Welcome to Manchester. That was the slogan on the notorious billboard which greeted Carlos Tevez's move from United to City and on Wednesday night the blue half of Manchester welcomed him all over again, the £30,000-a-day prodigal son.

Looking a little tubbier after his unscheduled six-month holiday, the man Roberto Mancini declared would never wear the club's shirt again was on the pitch for just under half an hour against Chelsea and made a significant contribution to both their goals. Without him, City looked haphazard and demoralised. With him, they reacquired a sense of menace and the look of championship challengers. As simple as that.

It is dangerous to make even a reasonable assumption about what goes on inside Tevez's head, but the Argentinian forward may have been pleasantly surprised by the reception he received from City's fans, many of whom have spent the last few months recasting him from hero to traitor.

Stepping out of the team coach, he was given a bigger cheer than any of his team-mates and responded with a grin and a genial thumbs-up. By the end of the night he would have the applause of 40,000 ringing in his ears.

There were a few discreet boos amid the ripple of applause inside the stadium when his face first appeared on the big screens while the team announcements were being made. He was included among the substitutes for the first time since that September night in Munich when he committed what some of us regarded as a crime against football by refusing Mancini's instruction to warm up in preparation for an appearance during the second half, with his team-mates two goals down and desperately in need of assistance.

Many remain scandalised by his behaviour on that occasion, a gesture seemingly consistent with a nomad's attitude to loyalty while being strangely at odds with the wholehearted commitment he has always shown when involved in the actual business of trying to win or to save a match. And which, when he was eventually given the chance, he demonstrated again last night.

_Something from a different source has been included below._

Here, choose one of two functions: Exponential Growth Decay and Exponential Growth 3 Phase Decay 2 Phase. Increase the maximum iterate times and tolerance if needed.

The pre-match reaction to Tevez's possible return offered a clear view of the changed relationships within today's football. In the old days, the constituent elements of a club – its directors, its players, its supporters – shared a common cause. The arrival of billionaire super-owners introduced a division between a club as embodied by its supporters and its history on the one hand, and its owners and its coaching and playing staff on the other. What they have in common is a desire for success, but their underlying purposes are different and they may have different views on how that success should be achieved.

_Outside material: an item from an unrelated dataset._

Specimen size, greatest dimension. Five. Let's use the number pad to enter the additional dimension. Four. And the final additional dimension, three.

Tevez's return to action owed everything to the cold-blooded pragmatism of the modern world. As City lost momentum at exactly the time when they should have been re-emphasising the seriousness of their challenge, the cost of Tevez's absence became starkly apparent. The clarity and incisiveness of their play disappeared along with the points that provided a cushion over Manchester United.

Their plight was all too apparent in the first hour against Chelsea, provoking noises of exasperation as corner-kicks failed to clear the first defender, passes short and long went astray and Mario Balotelli made a mess of the best chance of the half when he rolled the ball wide of the post after Frank Lampard had mystifyingly sent a square pass straight to his feet just inside the Chelsea half, inviting him to outpace the defenders and bear down on Petr Cech. At that very moment Tevez was starting his first warm up on the touchline, to another burst of applause that seemed to express the fans' desire to see someone in a blue shirt capable of giving them at least a glimpse of directness and decisiveness.

Ten minutes into the second half, Mancini again beckoned Tevez to warm up. He was jogging up and down when Chelsea took the lead, and was immediately summoned to get ready for action. And in the 66th minute, when Nasri let a pass run under his foot and into touch, there he was, on the pitch again, once more playing an active part in the great soap opera of the Premier League.

In the 77th minute he lost possession to José Bosingwa and then, with characteristic tenacity, regained it before slipping a pass through to Edin Dzeko. The Bosnian's shot was deflected, providing the corner that led to the handball which led to Agüero's penalty. Eight minutes later Tevez's deftly smuggled return pass to Nasri permitted the Frenchman to supply City's winner.

Had Tevez made the difference? You bet he had, and not for the first time. Or, you might imagine, the last.